O Estado de S.Paulo - 23/01
As decisões de política econômica dependem da articulação e do peso da influência dos diferentes agentes - políticos, empresários, trabalhadores, opinião pública, mídia - e do ambiente onde ocorrem as complexas relações entre economias. Nesse contexto, opções são tomadas, caminhos são traçados e mudanças ocorrem. Desde o governo Itamar Franco, a política econômica se organizou sobre o pilar do controle da inflação, admitindo-se a estabilidade monetária como condição necessária tanto para o crescimento sustentado como para garantir o poder de compra dos salários, contribuindo para a criação de empregos e para a redução das desigualdades. Essa estratégia foi consolidada no governo FHC, com reformas econômicas, e mantida no governo Lula.
Não que não houvesse mudanças ao longo desses 16 anos. Ao contrário, no início do segundo mandato de FHC ocorreu uma transição na estratégia de controle da inflação, ao decidir-se (ou ser levado a) abandonar a âncora cambial. Nesse momento, adotou-se o regime de metas de inflação com âncora fiscal na geração de superávits primários necessários para a redução da razão dívida pública/PIB e, simultaneamente, permitiu-se a flutuação da taxa de câmbio. Foi mantido o princípio básico de que a inflação deveria ficar sob controle. Com a eclosão da crise financeira em 2008, o ambiente externo se alterou e novas mudanças foram feitas, principalmente visando ao estímulo ao consumo no curto prazo, conservando o compromisso com a busca da meta de inflação. Um aspecto comum nesses momentos de transição foi a transparência na informação à sociedade e ao mercado, quer na divulgação do Programa de Ação Imediata (PAI), em 1993, quer na apresentação do tripé macroeconômico em 1999, quer, ainda, na carta do então candidato Lula ao povo brasileiro, em 2002.
Ao flexibilizar o controle da inflação, o atual governo iniciou uma nova transição na política econômica, de forma "envergonhada", se posso tomar emprestados neste artigo os adjetivos que Elio Gaspari utilizou nos títulos de seus livros sobre a ditadura. Nenhum esclarecimento sobre a mudança foi tornado público. Já por três anos consecutivos a inflação superou o centro da meta. Como demonstra Informe Especial da A.C. Pastores & Associados divulgado este mês, o Banco Central está comprometido com a meta de 5,5%, e não de 4,5%, como preestabelecida pelo Conselho Monetário Nacional. Também não há mais um sério compromisso com a geração de superávits primários e a política cambial tenta manter o valor do dólar no intervalo de R$ 2 a R$ 2,10.
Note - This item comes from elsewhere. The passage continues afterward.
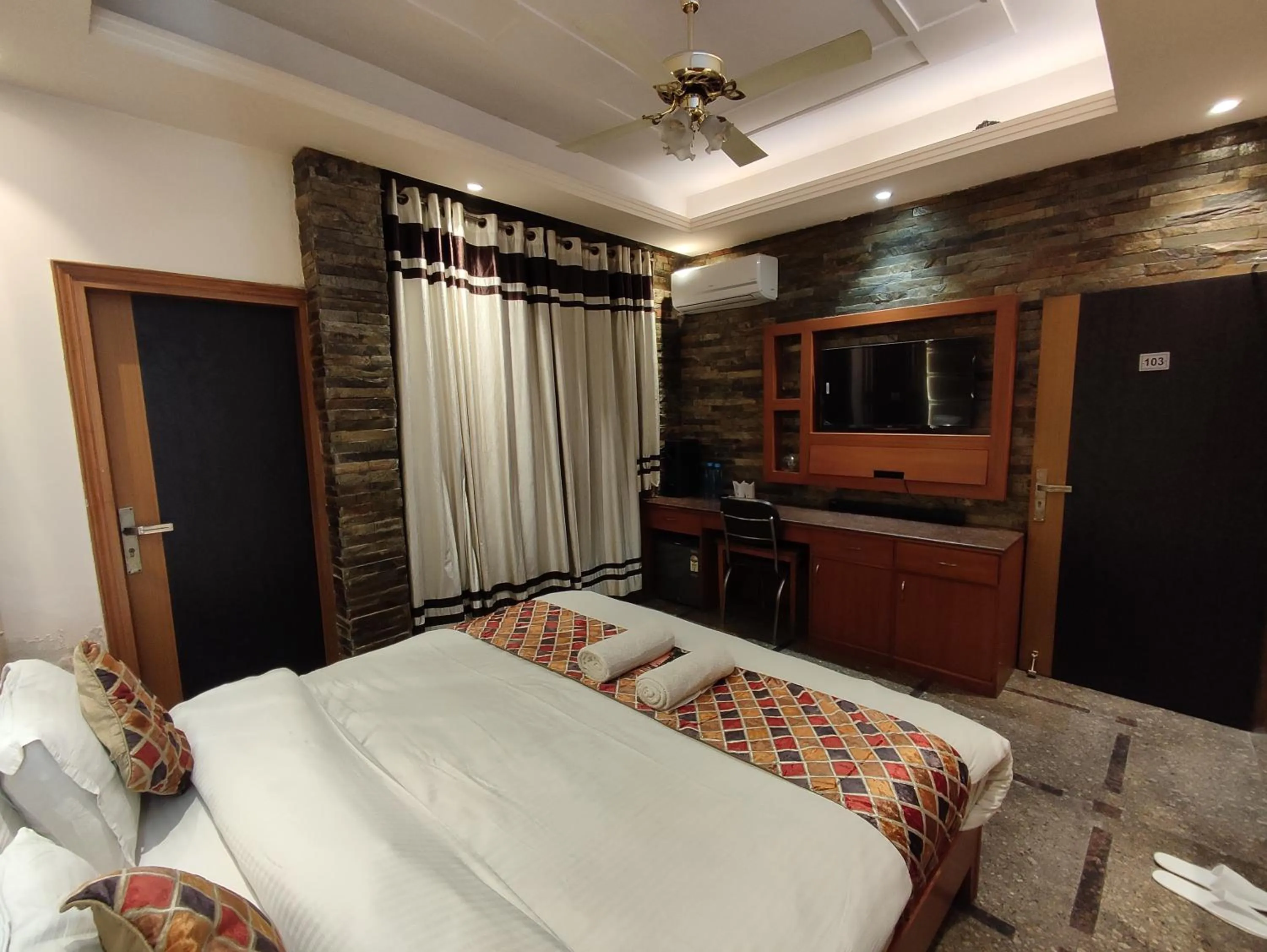 Photo of the whole room, Bed in Stay @ 203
Segundo declarações recentes de autoridades da área econômica do governo, a transição na política econômica agora está "escancarada". O pilar do controle da inflação foi substituído pelo do desenvolvimento econômico que é sinônimo de crescimento industrial, como no passado. O principal instrumento para estimular a produção (competitividade?) da indústria é a desvalorização da moeda. De volta à velha política de administração do câmbio para promover o crescimento. Tenta-se compensar seus efeitos sobre a inflação através do controle dos preços administrados, como dos derivados do petróleo, da energia e das tarifas de ônibus, onde há impacto sobre a coleta dos preços para medir a inflação. Prática dos tempos negros da ditadura. A disciplina fiscal foi abandonada. A dívida pública bruta cresce para permitir que o BNDES ofereça crédito subsidiado à indústria e mecanismos não ortodoxos são adotados para forjar o superávit primário.
Ademais, o Estado volta a intervir nas atividades econômicas por meio da criação de empresas estatais e da crescente participação na oferta e no direcionamento do crédito. Há uma forte evidência de déjà vu na administração da política econômica. Diferentemente dos tempos de Itamar, FHC e Lula, a transição se faz sem a transparência e sem as práticas de gestão que poderiam fortalecer a credibilidade e estimular os investimentos. Temo sobre o final dessa mudança: inflação em alta e crescimento lento. Estará, então, a transição "encurralada"?